Ignite: Event description TERMINATE_SINGLE_EPOCH not matching its actual behavior

Created on 28 Sep 2020 · 5Comments · Source: pytorch/ignite

🐛 Bug description

From the documentation it seems that the event TERMINATE_SINGLE_EPOCH is only fired, if engine.terminate_epoch is called.
I discovered, that the event is also fired, if I call engine.terminate inside of an epoch as can be seen in the code linked below.

Event description:
https://github.com/pytorch/ignite/blob/51d3e3e54ee042b5ef1b73a489aabe4b75968411/ignite/engine/events.py#L161-L162

Current implementation:
https://github.com/pytorch/ignite/blob/51d3e3e54ee042b5ef1b73a489aabe4b75968411/ignite/engine/engine.py#L817-L821

IMO, the implementation is fine and only the documentation should be updated.
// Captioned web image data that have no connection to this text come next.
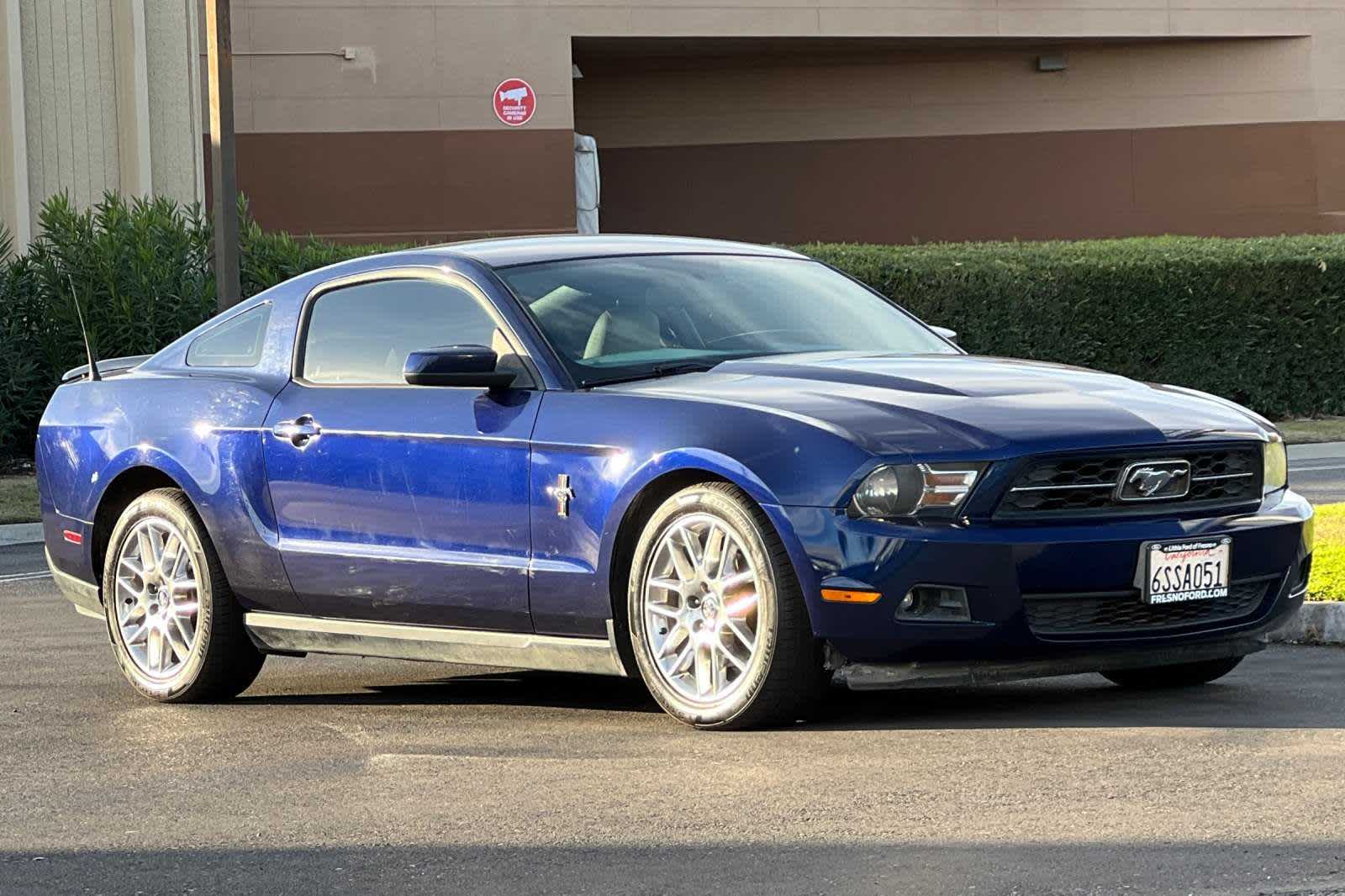 2012 Ford Mustang V6 Premium 10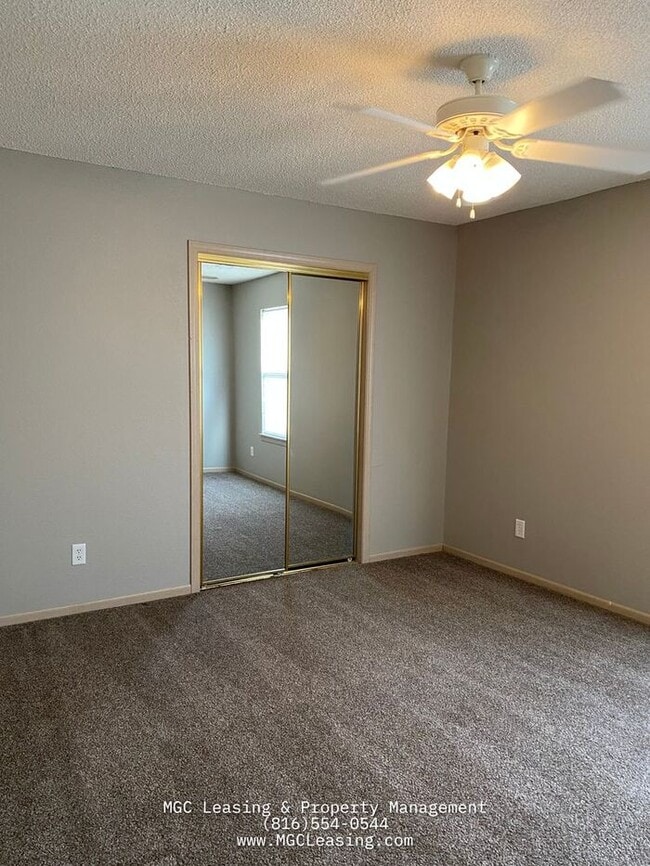 Building Photo - SOUTH GARDEN TOWNHOMES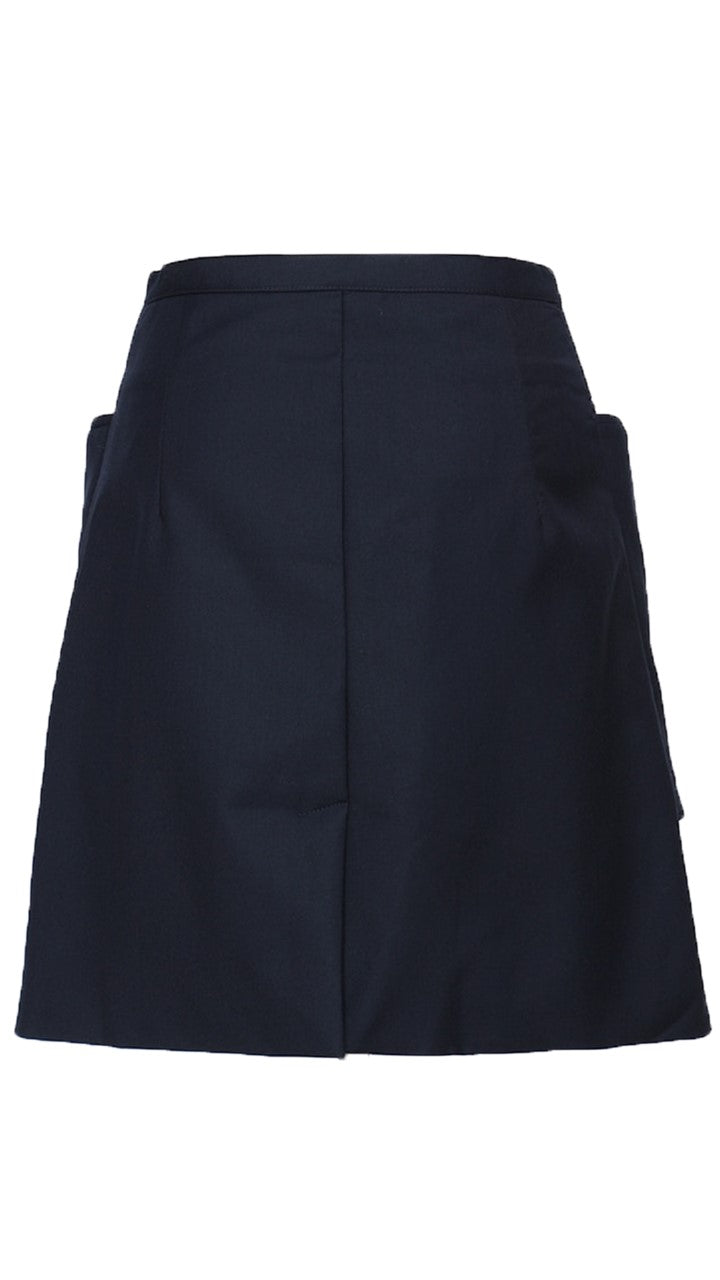 Asymmetric tailored skirt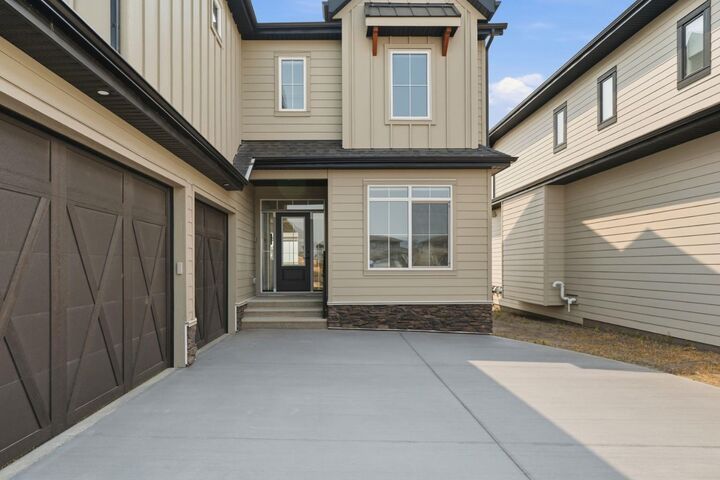 Property Photo: 40 Fieldstone Close AB T4B 5T7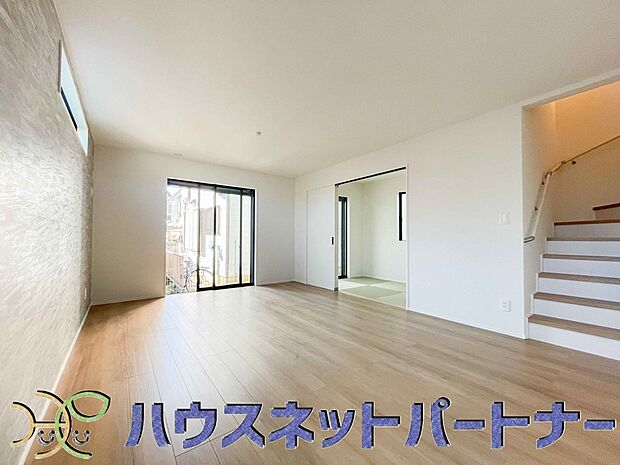 家族の温かさと陽光の暖かさ、楽しい毎日と明るい未来を予感させる「空間が織り成すひとつ先の住み心地」を演出します。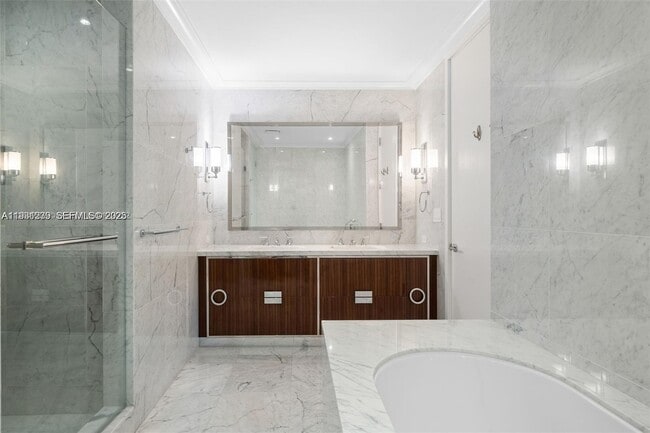 Building Photo - 15701 Collins Ave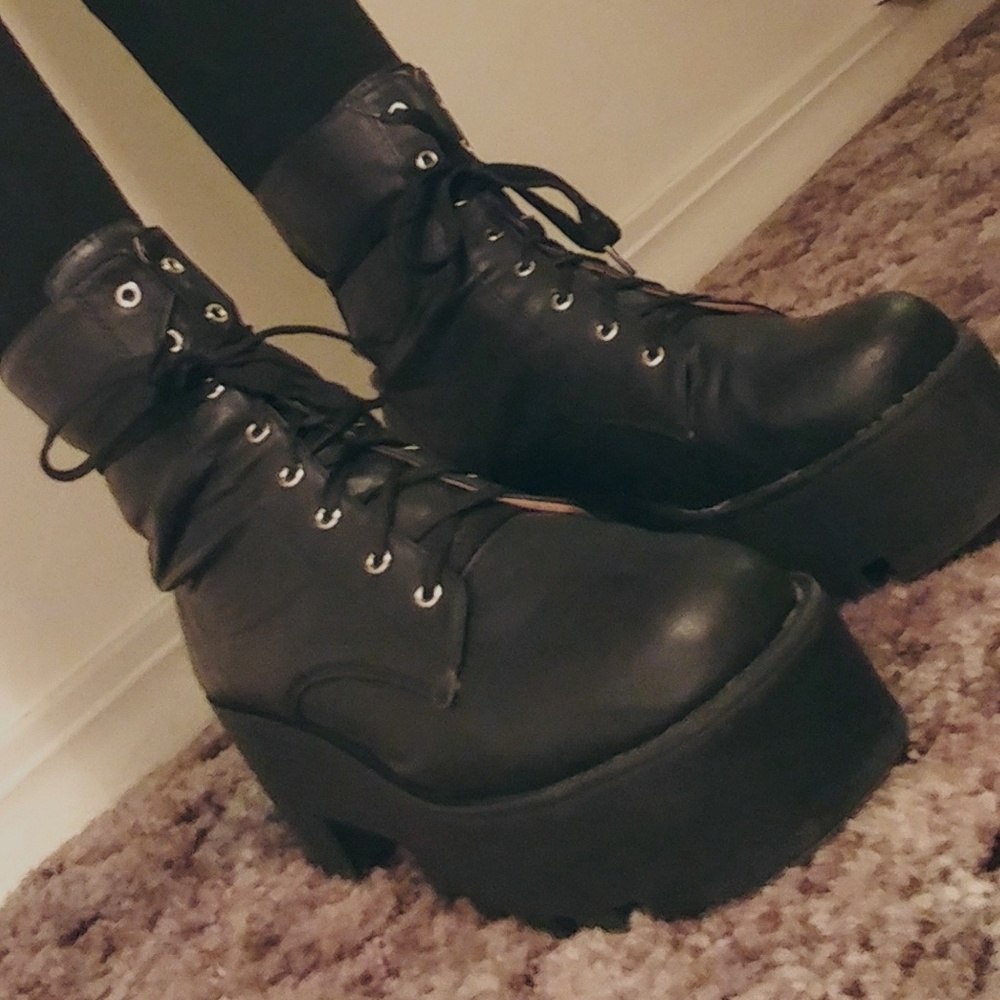 Platform Lug Sole 90's Style Combat Boots
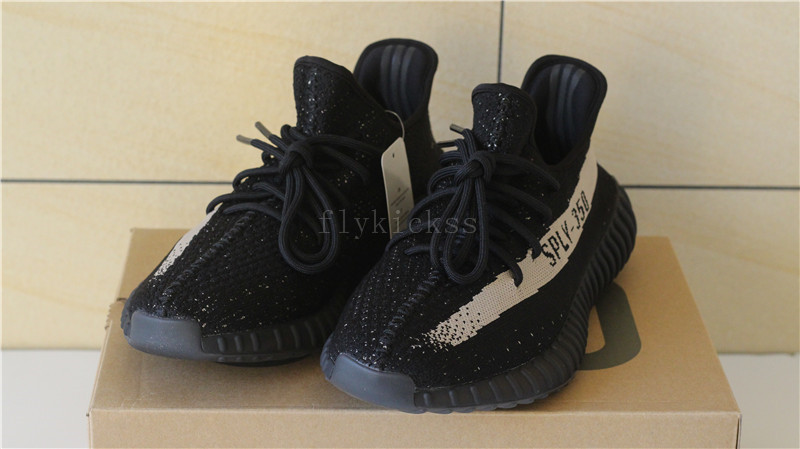 Adidas Yeezy Boost 350 V2 Oreo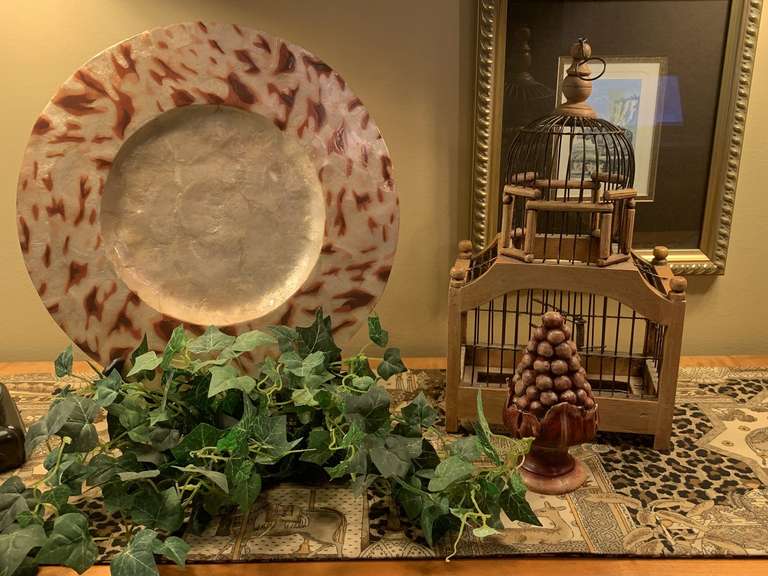 LOT TO INCLUDE WOODEN/METAL SMALL DECORATIVE BIRD CAGE, LEOPARD PRINT RUNNER & MORE - DEN image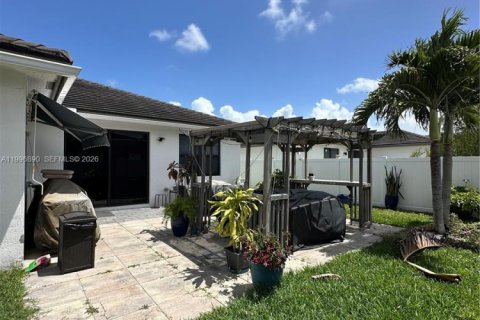 House in Homestead, Florida 3 bedrooms, 166.3 sq.m. № 2058570 - photo 19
I think the other option to not fire TERMINATE_SINGLE_EPOCH if enginge.terminate is called would make handling different types of termination more complicated.
Because:
Assuming you have to do some post processing after each epoch and it doesn't matter if the epoch completes with engine.terminate, engine.terminate_epoch or by StopIteration from the data loader.
You would have to attach the same processing function three times, for EPOCH_COMPLETED, TERMINATE_SINGLE_EPOCH and TERMINATE.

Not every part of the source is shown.